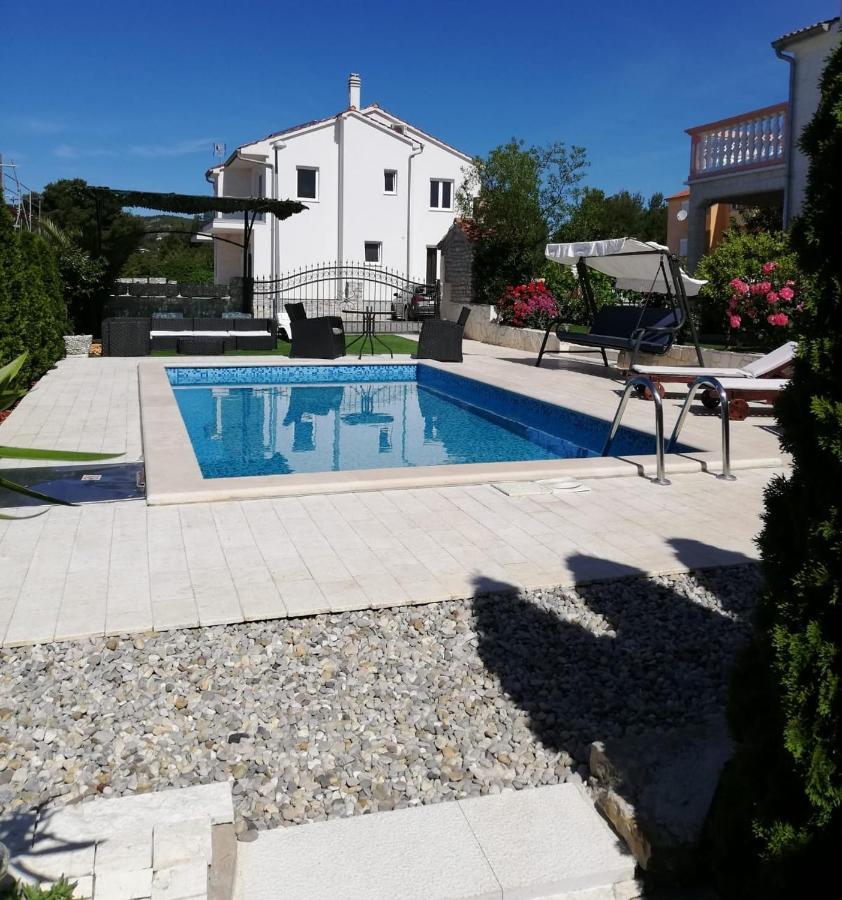 Apartments Jankovic Vodice Esterno foto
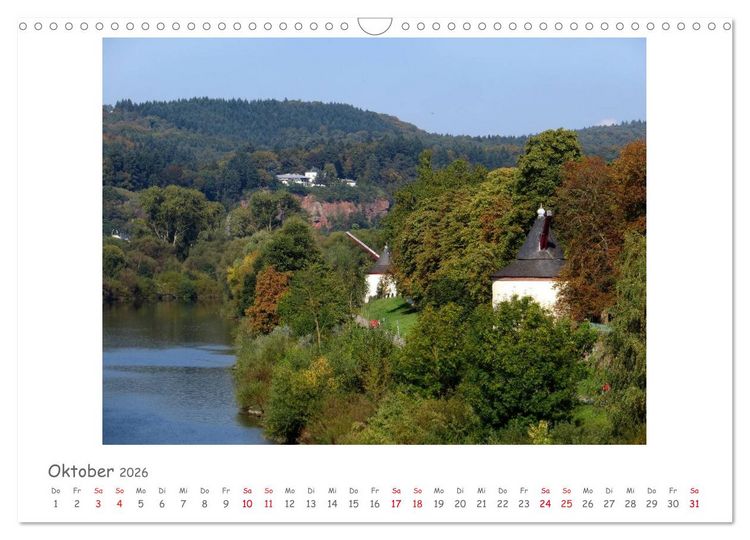 Produktbild: Unvergessliches Trier (Wandkalender 2026 DIN A3 quer), CALVENDO Monatskalender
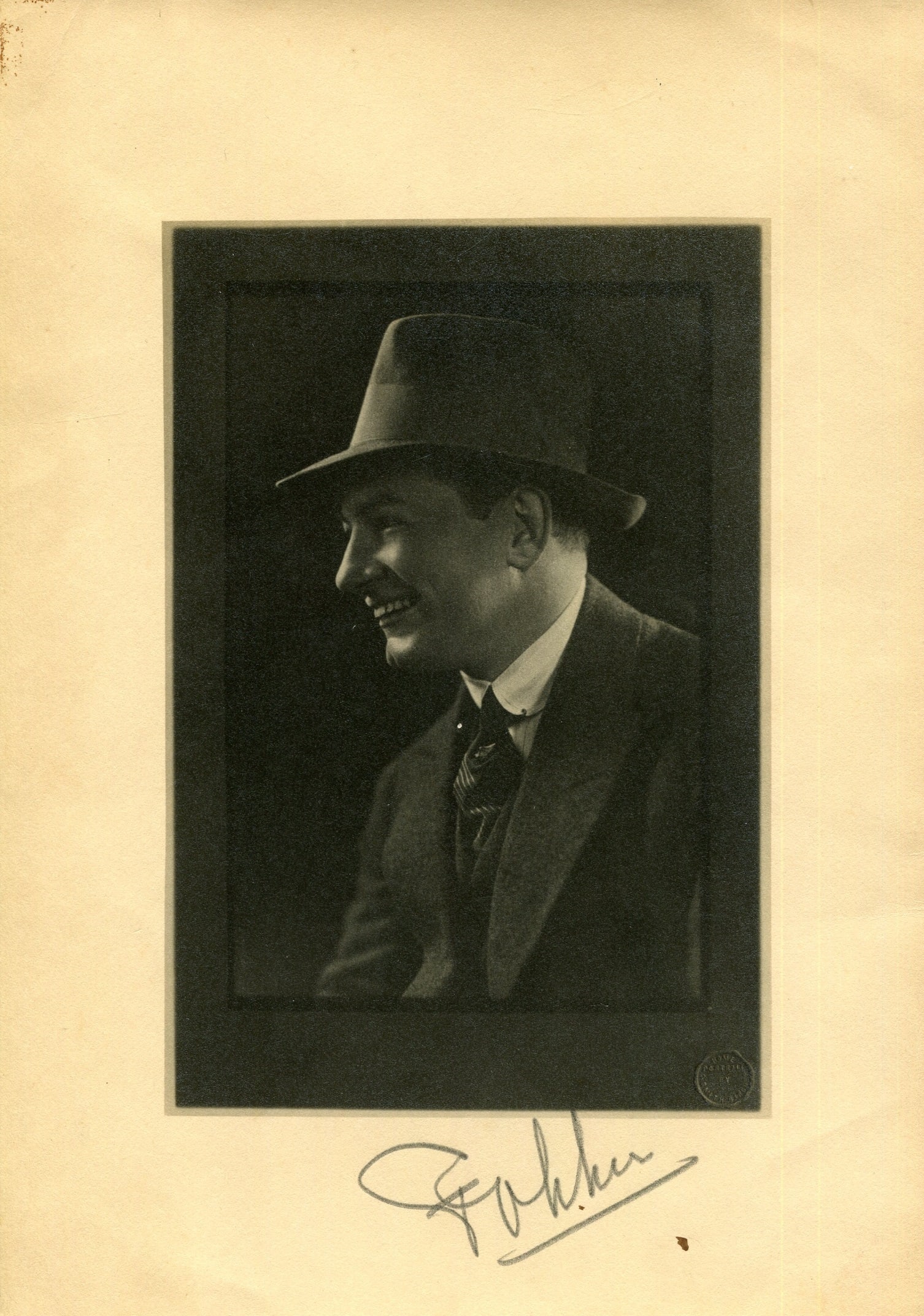 FOKKER ANTHONY: (1890-1939) (1 of 1)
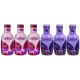 Pachet Promo: 3x Spumant De Baie Malizia Cu Goji Si Flori De Goji 1l + 3x Spumant De Baie Malizia Cu Petale De Iris 1l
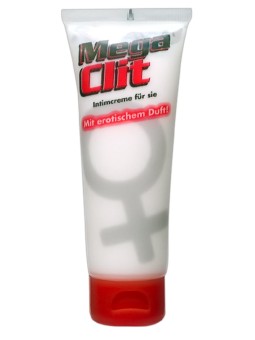 CREMA STIMOLANTE CLITORIDE \"MEGA CLIT\" - 80 ML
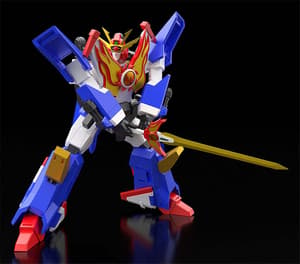 THE GATTAI Fighbird - 6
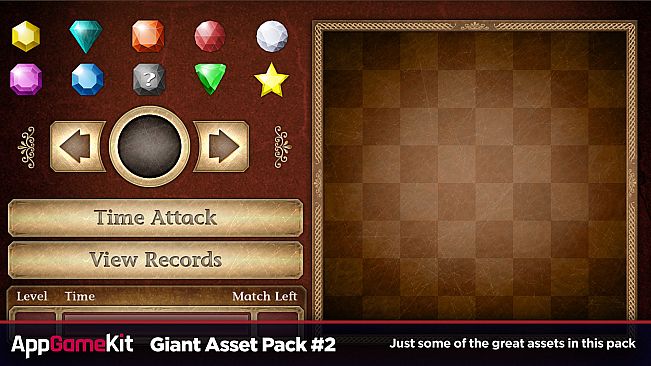 AppGameKit Studio - MEGA Media Pack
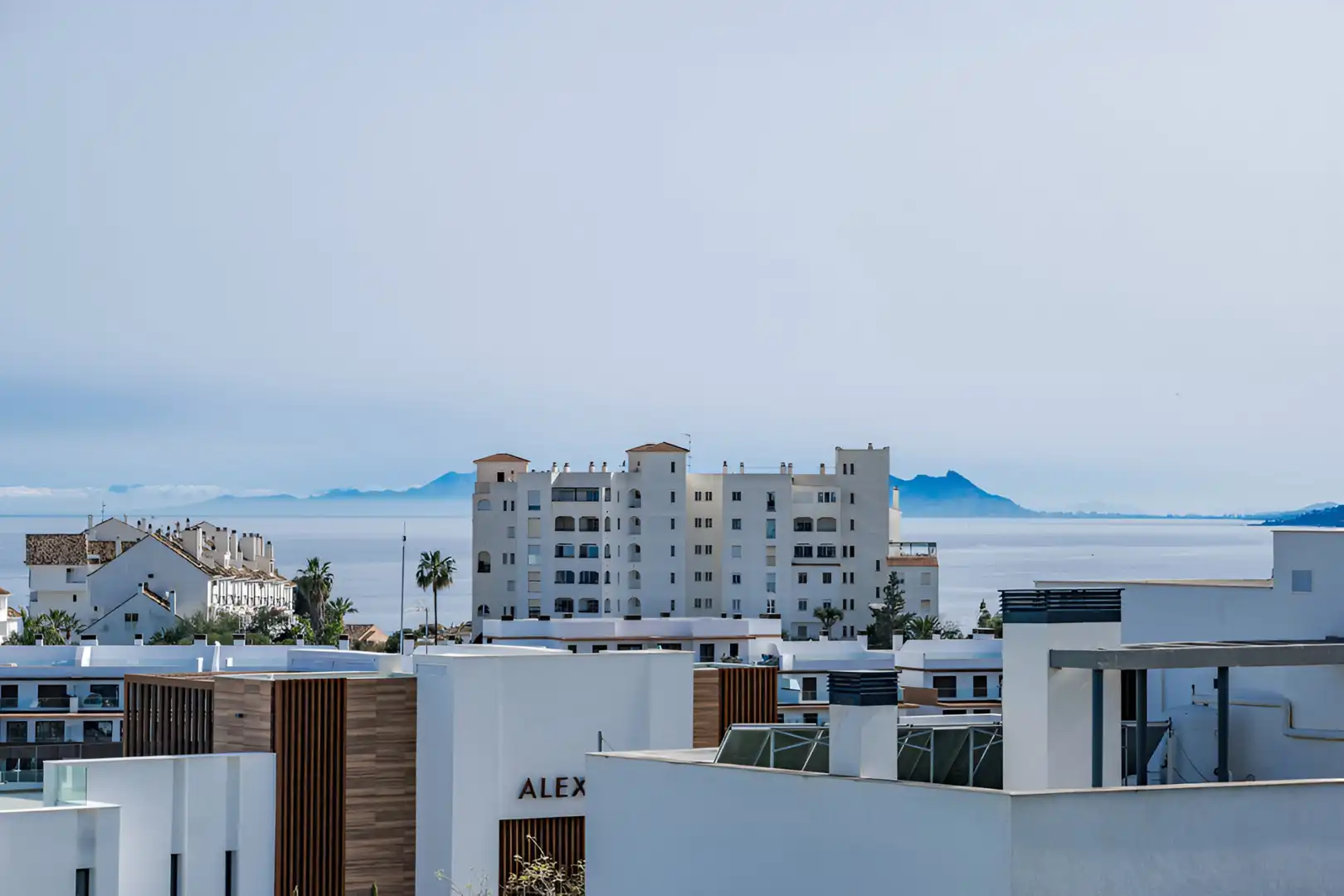 Àtic amb piscina en venda a Estepona Pueblo, imagen 17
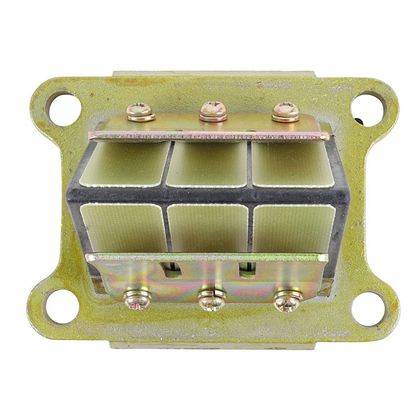 Clapet P2R CLAPET 50 A BOITE FIBRE POUR DERBI 50 SENDA, GPR-GILERA 50 SMT, RCR -P2R-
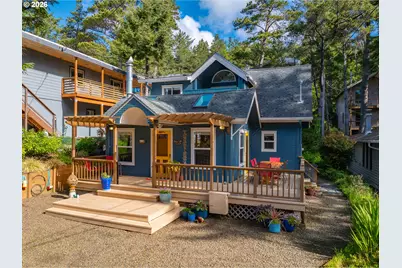 105 North Ave, Manzanita, OR 97130 - Photo 32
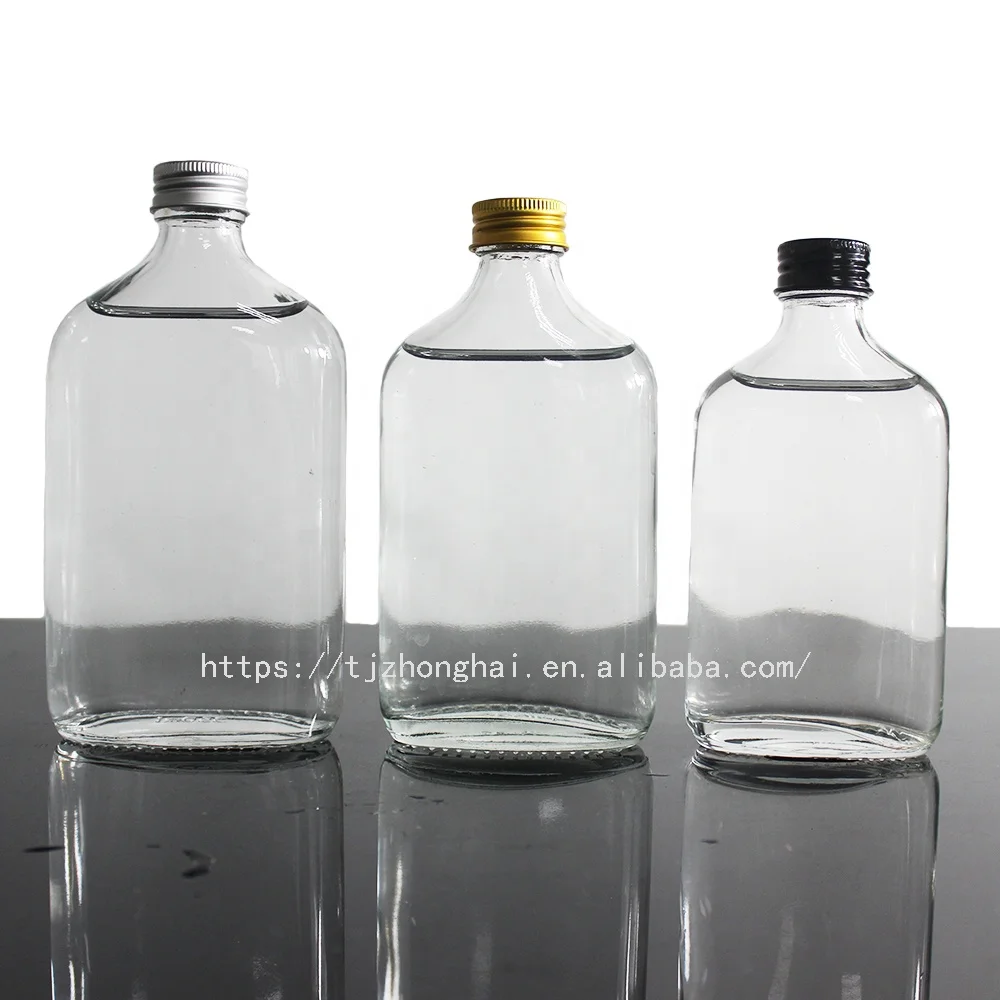 60 мл 50 партия дисплей Мини Ликер стеклянные бутылки с конкурентоспособной ценой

◆ ACTIVITY
Would you copy out every entry above word for word, without the pictures?

◆ RESPONSE TO THE EXERCISE
 Apartments Jankovic Vodice Esterno foto
 Produktbild: Unvergessliches Trier (Wandkalender 2026 DIN A3 quer), CALVENDO Monatskalender
 FOKKER ANTHONY: (1890-1939) (1 of 1)
 Pachet Promo: 3x Spumant De Baie Malizia Cu Goji Si Flori De Goji 1l + 3x Spumant De Baie Malizia Cu Petale De Iris 1l
 CREMA STIMOLANTE CLITORIDE \"MEGA CLIT\" - 80 ML
 THE GATTAI Fighbird - 6
 AppGameKit Studio - MEGA Media Pack
 Àtic amb piscina en venda a Estepona Pueblo, imagen 17
 Clapet P2R CLAPET 50 A BOITE FIBRE POUR DERBI 50 SENDA, GPR-GILERA 50 SMT, RCR -P2R-
 105 North Ave, Manzanita, OR 97130 - Photo 32
 60 мл 50 партия дисплей Мини Ликер стеклянные бутылки с конкурентоспособной ценой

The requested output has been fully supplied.